■ **TASK DETAILS**
Any picture in the listing is left out of the copy; all else is duplicated exactly.

■ **RECORDED DATA**
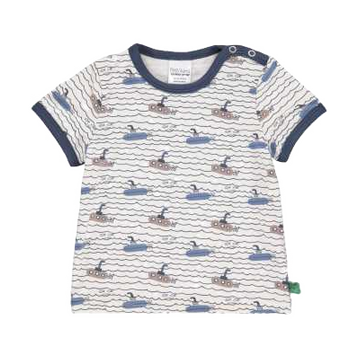 Tricou alb crem cu imprimeu submarine pentru bebeluși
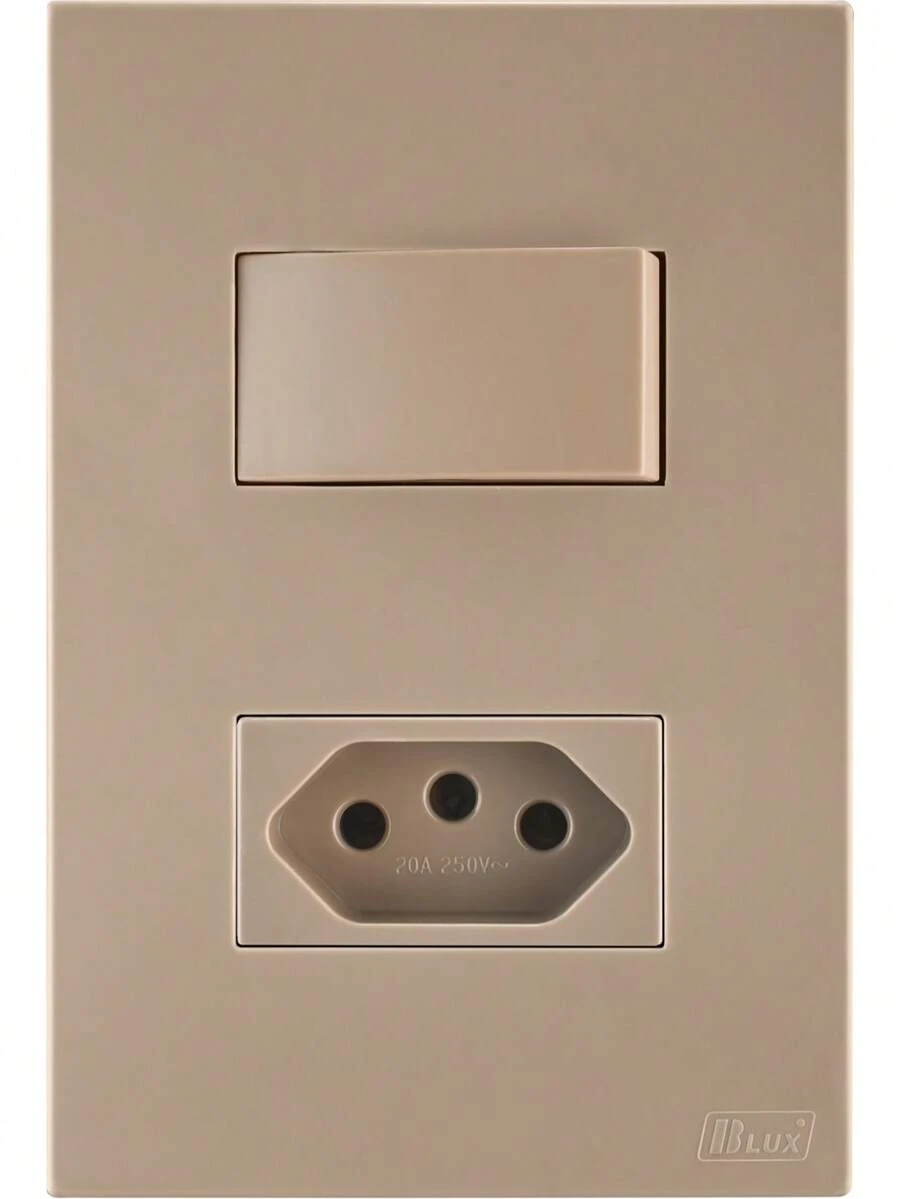 Conjunto Interruptor 1 tecla simples + tomada 20a Recta Marrom Claro Fosco blux tamanho 4x2 para embutir na parede conjunto completo placa modulo suporte - Caramelo - Visão 1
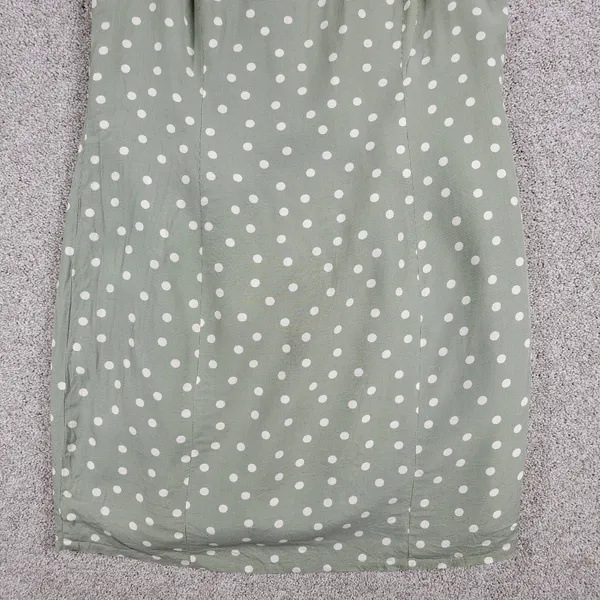 Vintage 90's Ice Cube by Michael Dress Womens 12 Green Polka Dot Rayon Mod Retro - Image 9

■ **SOLUTION**
 Tricou alb crem cu imprimeu submarine pentru bebeluși
 Conjunto Interruptor 1 tecla simples + tomada 20a Recta Marrom Claro Fosco blux tamanho 4x2 para embutir na parede conjunto completo placa modulo suporte - Caramelo - Visão 1
 Vintage 90's Ice Cube by Michael Dress Womens 12 Green Polka Dot Rayon Mod Retro - Image 9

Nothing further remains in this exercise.